I did read the article and that was the point of my original post: Had the drywallers also been carrying they could have blown away the builder...either first because some nut case ran out of the woods threatening them with a shotgun and and pistol (self defense); or second, after the builder shot their partner they could have pulled on him and blown him away (again, self defense).


----------



## TimNJ (Sep 7, 2005)

tinner666 said:


> (S)He spotted the bulge right away and asked if I had a CCWP. I said yes and asked if (s)he needed to see it or ID. (S)He said "Nope! I'm satisfied!"


Yep, that's how I met my wife:laughing::laughing::laughing:


----------



## jbfan (Apr 1, 2004)

Update!
http://www.times-herald.com/local/100000-bond-set-for-Veitch--499941


----------



## J F (Dec 3, 2005)

Just another reason for a having a logo on your vehicle....probably would have saved the guy's life.

Hmmm, Jose's drywall...wonder if he's subbin' from _my_ sheetrock sub on this house?...maybe John Wayne would have asked questions first.

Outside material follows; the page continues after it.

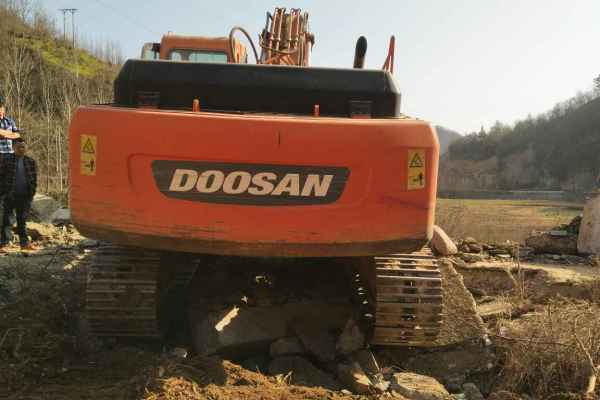 河南出售转让二手8000小时2008年斗山DH300挖掘机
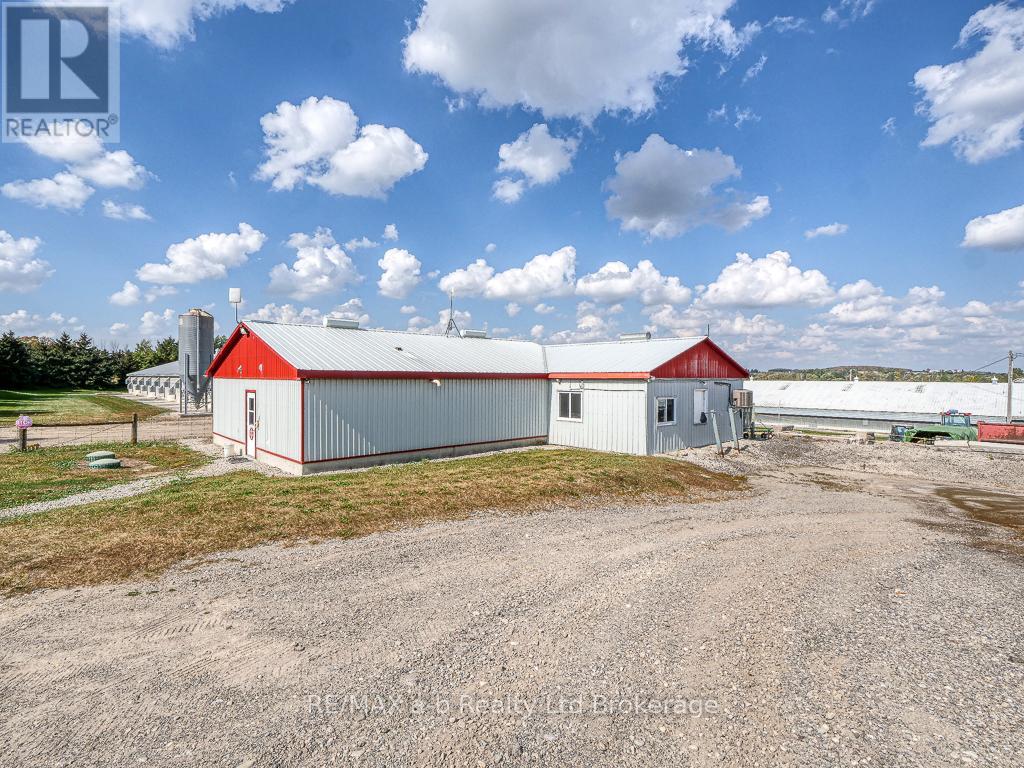 936549 Blenheim Road, Blandford-Blenheim, Ontario  N0J 1B0 - Photo 23 - X12442206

I don't know, it's just bad all the way around. I wonder if the builder's liability policy will take care of the victim's family? Does it cover criminal acts?

Jay


----------



## SelfContract (Dec 6, 2007)

J F said:


> Just another reason for a having a logo on your vehicle....probably would have saved the guy's life.
> 
> Hmmm, Jose's drywall...wonder if he's subbin' from _my_ sheetrock sub on this house?...maybe John Wayne would have asked questions first.
> 
> ...


 
*No!...* Just like Florida homes, Calif, LA homes not covered by fires, storms, and/or floods, *or anything and everything (possible) inclusive, etc*.. Insurance companies/agents are not that stupid (in the first place), aren't they!??..:thumbsup:


----------



## J F (Dec 3, 2005)

I didn't think it would, but whadda I know? I'll bet a civil suit will be forthcoming. 

Or, can someone here illegally (just guessing with the no ingles part) not be a party to that? (his family/legal counsel anyway, obvioulsy _he_ can't be part of much any more.)

J


----------